> **Task description**
Repeat the data exactly. Pictures stay out.

> **Provided data**
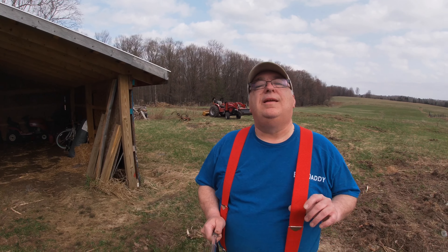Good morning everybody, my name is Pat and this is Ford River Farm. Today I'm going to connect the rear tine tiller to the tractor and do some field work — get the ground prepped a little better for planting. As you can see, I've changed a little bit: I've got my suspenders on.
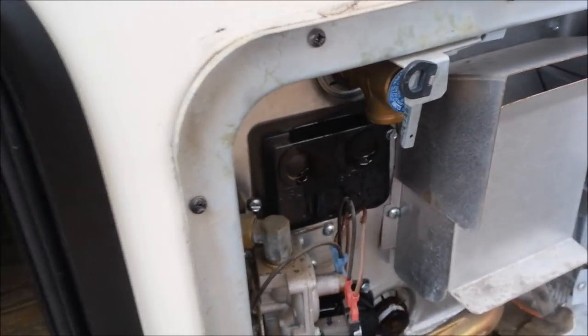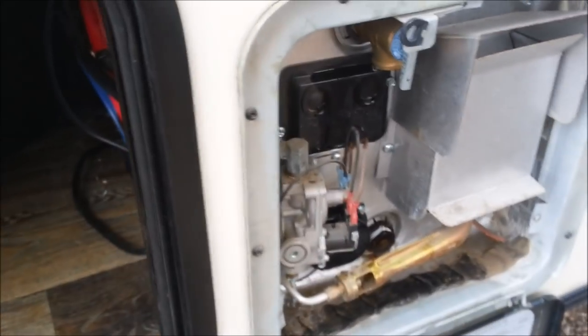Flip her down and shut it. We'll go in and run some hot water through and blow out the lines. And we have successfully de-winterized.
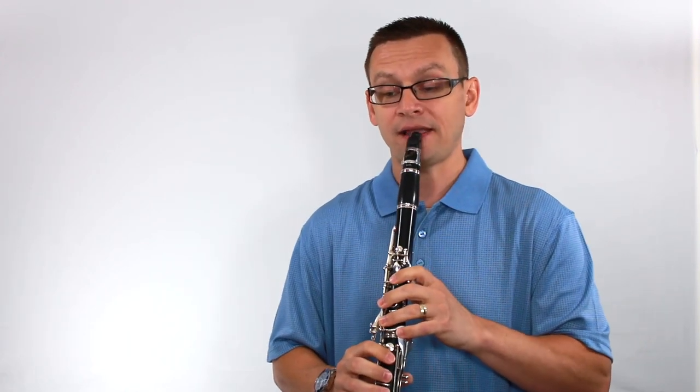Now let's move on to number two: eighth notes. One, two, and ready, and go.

> **Output**
Good morning everybody, my name is Pat and this is Ford River Farm. Today I'm going to connect the rear tine tiller to the tractor and do some field work — get the ground prepped a little better for planting. As you can see, I've changed a little bit: I've got my suspenders on.
Flip her down and shut it. We'll go in and run some hot water through and blow out the lines. And we have successfully de-winterized.
Now let's move on to number two: eighth notes. One, two, and ready, and go.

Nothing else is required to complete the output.